The Tree Council welcomes the latest report published on 2 May by the Committee on Climate Change: ‘Net Zero: The UK’s contribution to stopping global warming’.

In the report, government scientists call for a significant increase in the numbers of trees to be planted in the UK over the next 30 years as part of a proposed UK target of achieving net-zero carbon emissions by 2050. 

The report states that planting trees (afforestation) can quickly and effectively capture carbon and help to offset the UK’s greenhouse gas (GHG) emissions. This, the report suggests, should be a key aspect of our approach to land use and agriculture. In addition to growing more trees, the report recommends that carbon can be sequestered through the use of timber as a building material and also as a carbon-neutral source of biofuel. These proposals are welcome and timely, especially considering the negative impact of ash dieback disease on our current and future UK treescape.

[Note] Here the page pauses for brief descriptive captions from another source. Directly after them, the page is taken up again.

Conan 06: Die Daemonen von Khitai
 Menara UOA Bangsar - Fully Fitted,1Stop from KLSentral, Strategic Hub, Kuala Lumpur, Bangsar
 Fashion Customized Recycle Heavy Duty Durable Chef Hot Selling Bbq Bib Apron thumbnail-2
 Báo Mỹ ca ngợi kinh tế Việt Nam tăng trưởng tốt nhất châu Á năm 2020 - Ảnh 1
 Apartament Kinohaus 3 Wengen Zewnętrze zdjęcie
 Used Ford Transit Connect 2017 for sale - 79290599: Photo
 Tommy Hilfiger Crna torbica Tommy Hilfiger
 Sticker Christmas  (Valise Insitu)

To achieve the new targets laid out in the report, the CCC is calling for around 30,000 hectares of trees to be planted each year and recommends increasing UK woodland cover from the current 13% of land area to 17%, as well as increasing active woodland management. Land for tree planting would come from changing agricultural practices. Increased planting in towns and cities will also be a priority. 

Establishing up to three billion new trees (final figures to be confirmed) will require a creative combination of encouraging natural regeneration and planting new broadleaf woodlands, coniferous plantations, hedges, and urban trees. It will mean large numbers growing from seed as well as speeding up the rate at which we plant trees, so that the impact on carbon sequestration will increase as the younger trees mature. At 30,000 hectares per year, the carbon sequestered, or stored, would increase by around 5 million tonnes of CO2 in a decade.

The report points out that afforestation is falling short of current targets and that a dramatic increase in tree planting is needed. Previous proposals to plant 20,000 hectares/year across the UK nations are not being delivered, with less than 10,000 hectares/year planted on average over the last five years. 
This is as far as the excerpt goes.